2. Alfred DesRochers (1901-1978). Il est le père de l’auteure, actrice et humoriste Clémence DesRochers.
3. Yvette Francoli, Le naufragé du Vaisseau d’or, Les vies secrètes de Louis Dantin, Del Busso, Montréal, 2013, 456 p. ; 34,95 $.
EXTRAITS
C’était en quelque sorte leur revanche à tous deux. Nul doute aussi que Dantin se réjouissait à l’idée que « cette ébauche de génie », qu’il avait nourrie de sa propre chair, resterait pour la postérité l’un des plus beaux fleurons de la poésie québécoise, et contribuerait à leur gloire mutuelle, pour reprendre les mots de son confrère le père Boismenu.
Yvette Francoli, Le naufragé du Vaisseau d’or, p. 431.
« Il doit être bien entendu que vous ne devez pas répandre la notice sur le père Seers, ni sur aucun des religieux sortis. Le Conseil Général a observé que cela n’était pas opportun. Quand on est sorti, on est séparé, et c’est fini », écrivait le 20 décembre 1929, le père archiviste de Rome à son confrère de Bruxelles.

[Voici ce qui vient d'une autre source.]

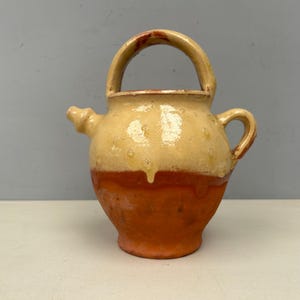 Puede incluir: Una jarra de cerámica hecha a mano con asa y boquilla. La jarra es de un color cálido y terroso, con una parte superior de color amarillo claro y una base marrón rojizo. El asa es arqueada y la boquilla es pequeña y curvada.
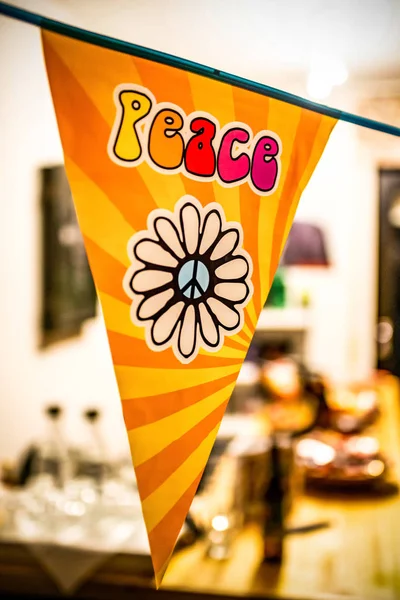 Hippie peace tekst en liefde flowerpower van op een hangende partij bord boven een onscherpe achtergrond — Stockfoto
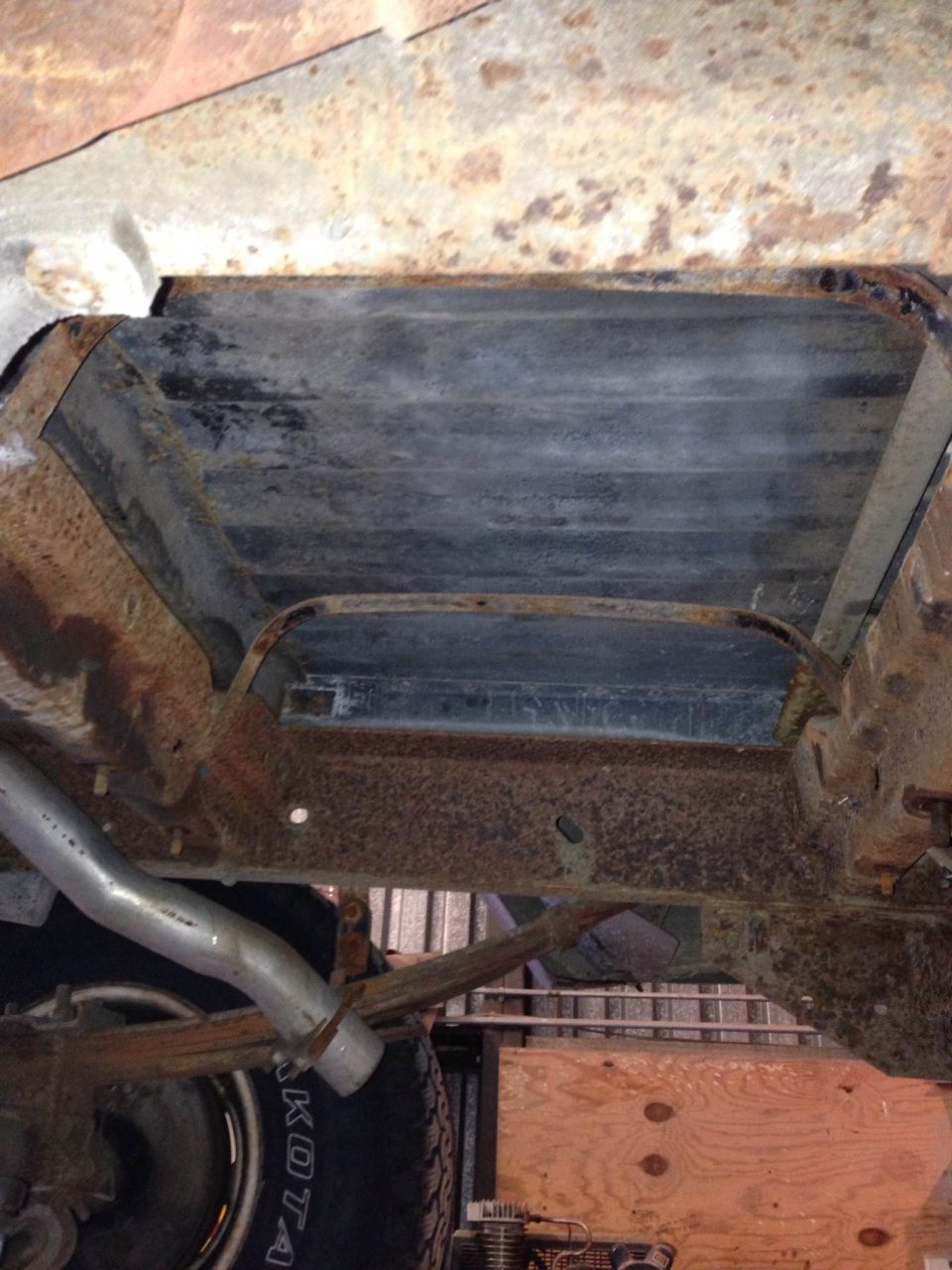 Undercarriage of a rusty vehicle with leaf springs and exhaust pipe visible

Voilà pourquoi, aujourd’hui encore, la consultation de ses dossiers personnels n’est pas autorisée, ce que certains pères jugent regrettable.
Yvette Francoli, Le naufragé du Vaisseau d’or, p. 132.
Certes, il avait retrouvé sa liberté, mais au prix de sa sécurité matérielle et de son bien-être. Le brillant intellectuel était devenu « un ouvrier, un de la grande famille du peuple ». Il travaille six jours par semaine, de huit heures du matin à six heures du soir, comme typographe à la compagnie Caustic and Claflin, et gagne dix-sept dollars par semaine…
Yvette Francoli, Le naufragé du Vaisseau d’or, p. 254.
C’est lorsqu’elle met l’accent sur les différences entre Dantin et DesRochers que l’étude d’Annette Hayward est particulièrement éclairante pour nous. Elle identifie quatre lieux de différends : la religion, le socialisme, le canadianisme intégral et la conception de la poésie.
Pierre Hébert, Patricia Godbout et Richard Giguère, avec la collaboration de Stéphanie Bernier, La correspondance entre Louis Dantin et Alfred DesRochers, p. 44.
Quand je [écrit DesRochers] vous soumets des vers, au nom du ciel, soyez sévère ! Ne résistez jamais à la tentation d’inscrire des commentaires en marge. Il n’y a rien que j’aime autant. Je me rends compte parfaitement que vous en savez bien plus long que moi en esthétique, et j’aimerais être un élève pas trop pire…
Pierre Hébert, Patricia Godbout et Richard Giguère, avec la collaboration de Stéphanie Bernier, La correspondance entre Louis Dantin et Alfred DesRochers, lettre 70, p. 243.